When you cut yourself and start to heal, your body forms a matrix of tissue largely composed of collagen. It’s the basis of the scar tissue that forms where the cut was. For people with scleroderma, a rare auto-immune disease, their tissues continue developing even without an injury, resulting in the overproduction of collagen and other fibrous tissues, called fibroblasts, in the skin and internal organs.

People with scleroderma often experience pain and inflammation. As is the case with many autoimmune diseases, there aren’t any therapies that have been specifically developed to treat this condition. The scarcity of treatment options makes scleroderma an “orphan disease” – a special classification that the Food and Drug Administration (FDA) uses to incentivize drug-makers to develop new and innovative “orphan drugs” for the treatment of rare diseases.

Degenerative autoimmune diseases are often poorly understood, and such is the case with scleroderma. Medical scientists don’t really know what causes it, or how to treat it.
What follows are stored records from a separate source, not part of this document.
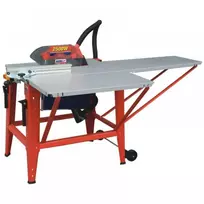 Dedra Pjovimo stakles mediui 3400W 315mm 3phase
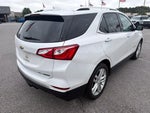 2018 Equinox Thumbnail 7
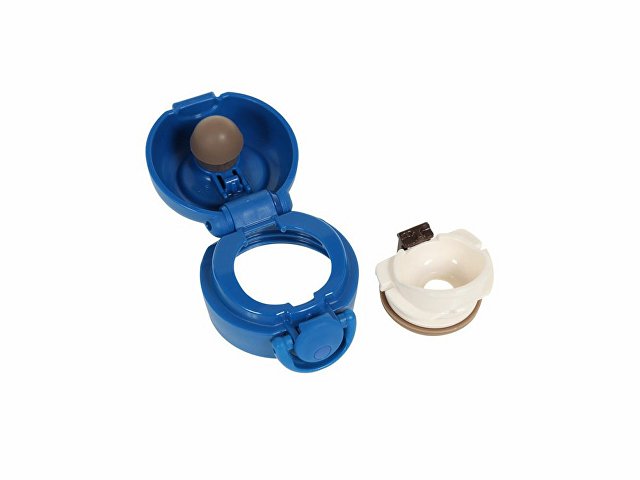 Термос «JNR-603», 600 мл thumbnail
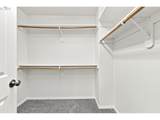 7580 149TH Ave - Photo 19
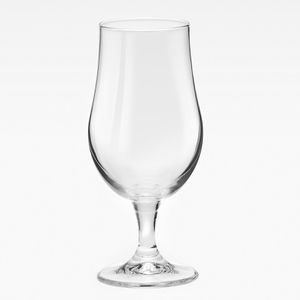 Produktbild für Biergläser Van-Well Ida Biertulpen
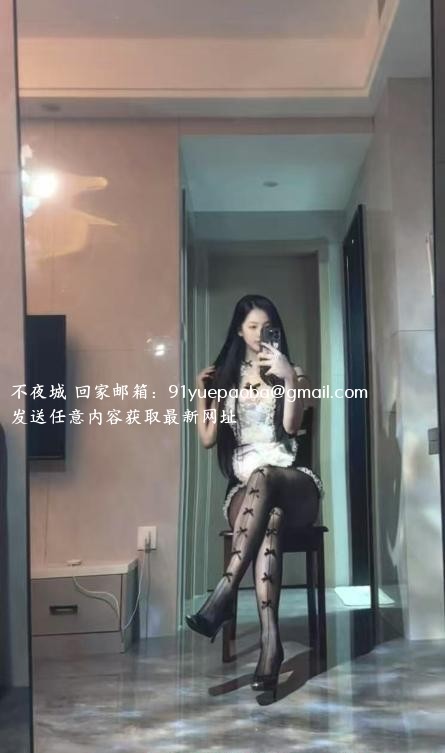上城巨骚明媚儿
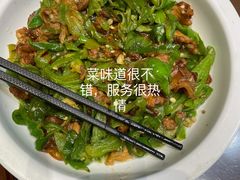 -客宴·江西客家菜(红角洲店)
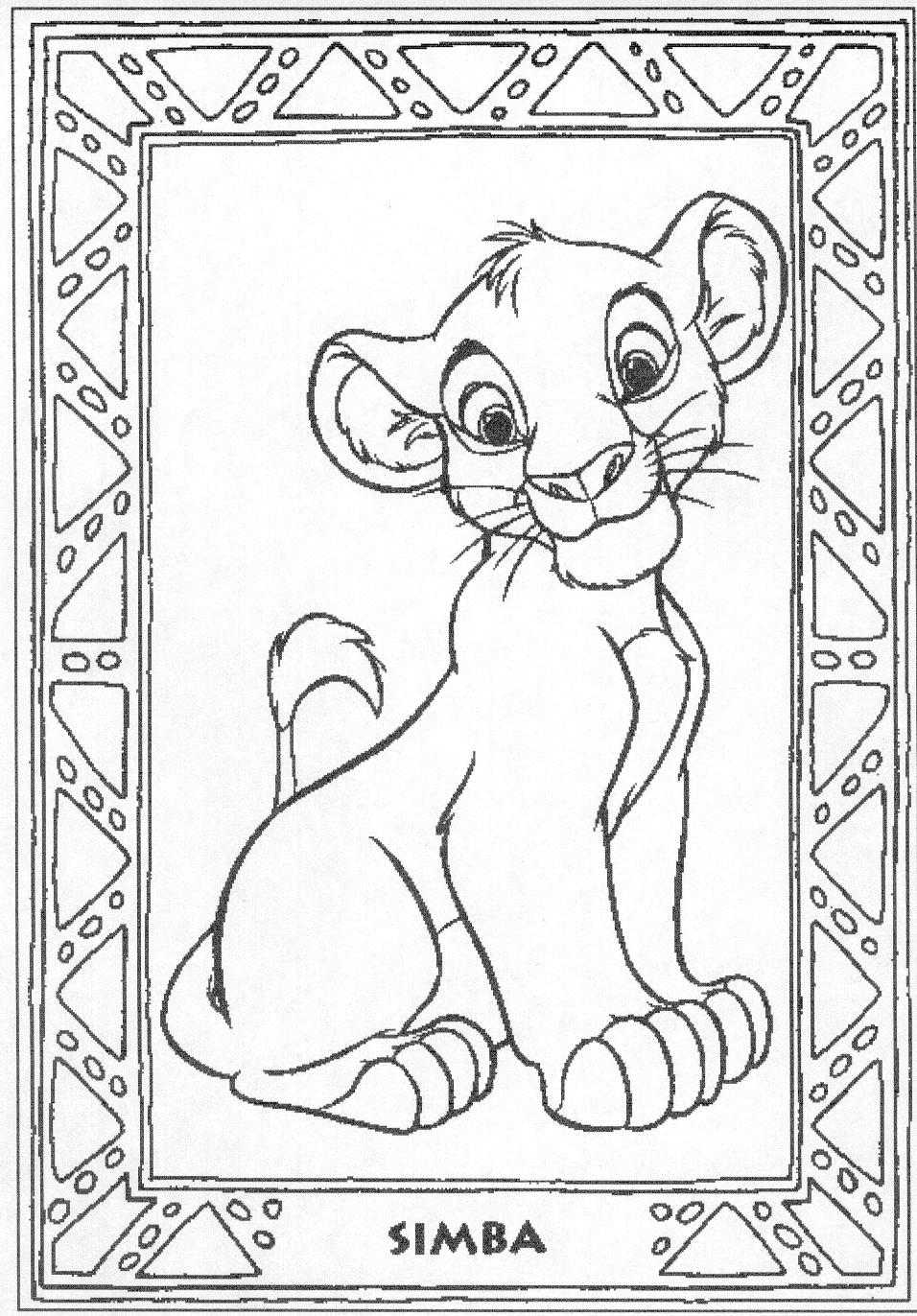 León #5763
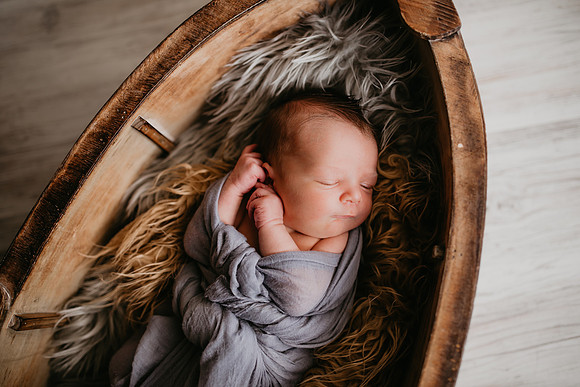 Baby Elias-15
Two compounds that target the endocannabinoid system are currently in development to treat scleroderma – and they’re already in clinical trials. Scleroderma patients are hoping that these efforts will prove to be as successful as Epidiolex, the cannabis-derived CBD pharmaceutical approved by the FDA in 2018 as an orphan drug for two forms of severe pediatric epilepsy (Lennox-Gastaut Syndrome and Dravet Syndrome).

WHAT IS SCLERODERMA?

Degenerative autoimmune diseases are often poorly understood, and such is the case with scleroderma. Medical scientists don’t really know what causes it, or how to treat it. It’s theorized that both genetics and environmental factors can play a role in its development.

The earliest symptoms of scleroderma usually involve a thickening of the skin and a condition known as Reynaud’s phenomenon, which constricts the arteries and turns the fingers blue when they’re exposed to cold.

Skin diseases typically involve a dysregulation of the endocannabinoid system (ECS). This is true for scleroderma, as well as for more common maladies like acne and psoriasis.

There are two primary types of scleroderma – localized scleroderma (morphea), which affects specific areas of the skin; and systemic scleroderma, a potentially fatal condition characterized by the thickening of tissues around organs. Systemic scleroderma can lead to excess collagen and scar tissue in the lungs (interstitial lung disease), resulting in the constriction and blockage of pulmonary arteries (pulmonary artery hypertension).